I cried last night. Not the cry-a-single-tear kind, but like a full-on UGLY cry. My face contorted. My husband looked at me like I had lost my marbles. When I tried to explain myself to him, all that came out was drool. My aforementioned husband went to bed at 8:30 p.m. saying he was tired.
He wasn’t tired.
It all started when I was reading my 21-month-old daughter Goodnight Moon last night. You see, she has gotten into a habit of asking for Goodnight Moon every night before bed. So every night I sit in the glider with her in my lap, and we read.
“Goodnight room. Goodnight moon. Goodnight cow jumping over the moon.”
About here in the book, I looked down at my daughter. She was hugging her stuffed puppy with one arm and sucking her thumb, and I felt an incredible wave of gratitude come over me. How lucky am I to have babies to love?
“Goodnight kittens. And goodnight mittens.”
Two nights ago, we had an Über driver take us home from dinner. He asked about our kids and when I told him their ages, he looked at me through the rearview mirror and said, “What I wouldn’t give to have my kids be toddlers again.”
I have heard this countless times, along with remarks such as: “You will miss this,” “Babies don’t keep,” or “Enjoy every minute because they will be going off to college before you know it.” I have always nodded and smiled politely, but it never really sank in.
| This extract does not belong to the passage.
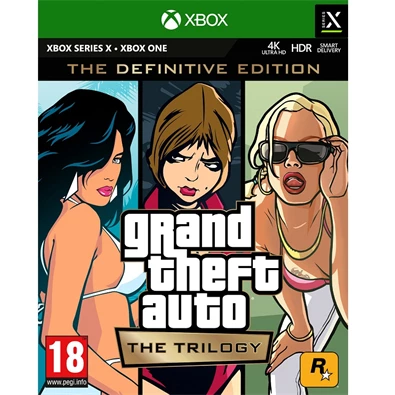 Grand Theft Auto: The Trilogy - The Definitive Edition Xbox One/Series X játékszoftver Grand Theft Auto: The Trilogy - The Definitive Edition Xbox One/Series X játékszoftver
For some reason (partially PMS), it sank in last night. The gratitude I felt quickly turned into fear and dread of this stage of life ending.
“Goodnight little house. And goodnight mouse.”
With my firstborn twins, I had a hard time bonding. I stuck to a strict schedule, and my boys spent more time on their play mat than in my arms. Because they were premature, I couldn’t wait for them to gain a pound or to move up in clothing size. Shortly after I put away their baby bottles, I found out I was pregnant again. So I really did not experience the sadness of saying goodbye to the baby stage.
Knowing Grey is my last baby, the reality of saying “goodnight” to each stage is palpable. I can taste it. I have put away her bottles. She will never take formula again. I will never have to burp her again. Her crib is at the lowest setting, and I will never lower another crib. In the near future, I know I will never have to change a diaper again. Right now, she needs me. She cries for me to hold her. In the distant future, however, I know there will come a day when she chooses friends over me. Ultimately, I know all my babies will leave home.
I dread that day.
“Goodnight comb. And goodnight brush.”
In that moment, the reality of the fact that my kids will never be as small as they are right now took my breath away. Grey will be a bit taller when the sun rises tomorrow. My boys will be a bit bigger when they wake us up in the morning. I relish hearing little boy footsteps run from their room to mine. My heart swells when I open my daughter’s door in the morning and get greeted with a smile and hearing, “Mommy!” There will be a day where my halls fall silent. There will come a day when I can no longer pick up my kids. There will inevitably be a day where my babies will no longer be babies.
“Goodnight stars. Goodnight air. Goodnight noises everywhere.”
I stood up from the glider with my daughter and gave her a big hug. I felt one little arm clinch my neck, while the other hand twirled my hair. I could not help but wonder when she will stop that little finger twirl, when she will stop sucking her thumb (taking references for orthodontists), or when she will stop asking me to read to her.
So for now, while my kids are still small, I will wipe as many dirty hands as I can. While my kids still need me, I will put as many bandages on invisible boo-boos as possible. For as long as they will still let me, I will smother my kids with kisses and hugs. And while I still can, I will read Goodnight Moon as many times as possible.